▶ [ASSIGNED TASK]: Retype precisely the section of the data that starts at the line containing "Nika Sofie photo" and runs to its final line, ends included.

▶ [SOURCE RECORDS]:
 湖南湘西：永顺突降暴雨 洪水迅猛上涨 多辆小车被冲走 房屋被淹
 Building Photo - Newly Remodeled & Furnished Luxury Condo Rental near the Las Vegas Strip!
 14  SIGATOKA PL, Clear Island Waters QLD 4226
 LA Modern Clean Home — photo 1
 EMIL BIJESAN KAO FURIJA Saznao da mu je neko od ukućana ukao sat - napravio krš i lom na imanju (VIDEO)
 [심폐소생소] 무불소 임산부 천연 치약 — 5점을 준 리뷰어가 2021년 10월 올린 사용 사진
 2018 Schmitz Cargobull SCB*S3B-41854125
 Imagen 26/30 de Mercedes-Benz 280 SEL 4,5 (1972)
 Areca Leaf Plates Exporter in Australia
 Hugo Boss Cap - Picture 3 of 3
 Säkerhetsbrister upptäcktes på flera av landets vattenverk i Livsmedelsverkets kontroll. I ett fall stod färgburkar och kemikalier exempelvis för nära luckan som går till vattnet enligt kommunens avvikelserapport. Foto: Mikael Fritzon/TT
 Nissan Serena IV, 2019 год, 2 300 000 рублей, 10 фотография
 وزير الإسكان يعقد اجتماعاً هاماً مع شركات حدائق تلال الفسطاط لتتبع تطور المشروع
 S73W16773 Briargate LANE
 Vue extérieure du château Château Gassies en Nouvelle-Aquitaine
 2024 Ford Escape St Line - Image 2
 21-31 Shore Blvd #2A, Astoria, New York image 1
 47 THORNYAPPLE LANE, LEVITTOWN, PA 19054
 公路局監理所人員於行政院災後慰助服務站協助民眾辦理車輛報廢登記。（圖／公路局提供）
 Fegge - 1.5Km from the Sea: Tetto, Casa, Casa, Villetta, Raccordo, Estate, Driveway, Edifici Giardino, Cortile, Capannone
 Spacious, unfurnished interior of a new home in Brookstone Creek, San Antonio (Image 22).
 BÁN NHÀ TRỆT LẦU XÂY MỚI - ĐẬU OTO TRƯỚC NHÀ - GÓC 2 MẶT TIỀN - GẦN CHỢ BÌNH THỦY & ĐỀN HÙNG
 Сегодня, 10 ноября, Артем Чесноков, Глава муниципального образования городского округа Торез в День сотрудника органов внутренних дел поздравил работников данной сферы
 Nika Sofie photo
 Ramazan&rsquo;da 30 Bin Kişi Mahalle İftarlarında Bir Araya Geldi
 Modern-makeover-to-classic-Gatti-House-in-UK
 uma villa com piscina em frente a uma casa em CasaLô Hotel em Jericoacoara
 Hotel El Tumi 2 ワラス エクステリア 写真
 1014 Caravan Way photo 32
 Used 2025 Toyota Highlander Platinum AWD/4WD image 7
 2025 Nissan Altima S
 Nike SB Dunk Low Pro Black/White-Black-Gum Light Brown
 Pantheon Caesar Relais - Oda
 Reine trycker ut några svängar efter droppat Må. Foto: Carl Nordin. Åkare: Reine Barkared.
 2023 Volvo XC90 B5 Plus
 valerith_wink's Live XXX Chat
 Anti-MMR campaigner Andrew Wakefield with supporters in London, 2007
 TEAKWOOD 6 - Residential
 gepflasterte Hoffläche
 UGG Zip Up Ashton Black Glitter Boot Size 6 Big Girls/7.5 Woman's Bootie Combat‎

▶ [SOLUTION FOR THIS PROBLEM]:
 Nika Sofie photo
 Ramazan&rsquo;da 30 Bin Kişi Mahalle İftarlarında Bir Araya Geldi
 Modern-makeover-to-classic-Gatti-House-in-UK
 uma villa com piscina em frente a uma casa em CasaLô Hotel em Jericoacoara
 Hotel El Tumi 2 ワラス エクステリア 写真
 1014 Caravan Way photo 32
 Used 2025 Toyota Highlander Platinum AWD/4WD image 7
 2025 Nissan Altima S
 Nike SB Dunk Low Pro Black/White-Black-Gum Light Brown
 Pantheon Caesar Relais - Oda
 Reine trycker ut några svängar efter droppat Må. Foto: Carl Nordin. Åkare: Reine Barkared.
 2023 Volvo XC90 B5 Plus
 valerith_wink's Live XXX Chat
 Anti-MMR campaigner Andrew Wakefield with supporters in London, 2007
 TEAKWOOD 6 - Residential
 gepflasterte Hoffläche
 UGG Zip Up Ashton Black Glitter Boot Size 6 Big Girls/7.5 Woman's Bootie Combat‎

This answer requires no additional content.